Cowboy Hats to Turbans
Of course when you’re the minority party, you may feel as though you want to launch some kind of insurgency to get your point across. However, most people aren’t stupid enough to say it in public, and certainly not stupid enough to actually compare themselves to the Taliban. Enter Republican Representative Pete Sessions of
Texas. In an interview for a Washington political newsletter Sessions likened the GOP strategy for the 2010 mid-term elections to that of a Taliban insurgency.
(From the Dallas Morning News)
“Insurgency, we understand perhaps a little bit more because of the Taliban,” Sessions said during the 60-minute sitdown. “And that is that they went about systematically understanding how to disrupt and change a person’s entire processes.”
He continued: “I’m not trying to say the Republican Party is the Taliban. … I’m saying an example of how you go about [it] is to change a person from their messaging to their operations to their frontline message.

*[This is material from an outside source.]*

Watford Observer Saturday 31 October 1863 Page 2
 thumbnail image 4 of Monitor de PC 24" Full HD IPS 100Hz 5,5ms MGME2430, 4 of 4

And we need to understand that insurgency may be required when the other side, the House leadership, does not follow the same commands, which we entered the game with.”
Between Sessions foot-in-mouth moment and the recent tirade of David Duke (see last entry), not to mention comments by Andy Card (dress code), Lindsey Gramm (Obama AWOL), and Dick Cheney (everything else), you have to wonder if Republicans actually THINK about what they say before they say it, or if they simply let the words randomly fall out of their mouths and hope they form coherent sentences with no forethought as to what they could potentially mean.
The Sky Is Falling
In more ‘foot-in-mouth’ news, Dick Cheney continues in his role as “Henny Penny” even after leaving office. In an interview with Politico, he regurgitates the same tired old “vote for us or die” rhetoric that he used in 2004, with a few variations.
(From Politico.com)
“When we get people who are more concerned about reading the rights to an Al Qaeda terrorist than they are with protecting the United States against people who are absolutely committed to do anything they can to kill Americans, then I worry,” Cheney said.
Protecting the country’s security is “a tough, mean, dirty, nasty business,” he said. “These are evil people. And we’re not going to win this fight by turning the other cheek.”
Further, regarding the “tactics” the administration used in the war on terror, and the likelihood of another attack…
“I think there’s a high probability of such an attempt. Whether or not they can pull it off depends whether or not we keep in place policies that have allowed us to defeat all further attempts, since 9/11, to launch mass-casualty attacks against the United States.”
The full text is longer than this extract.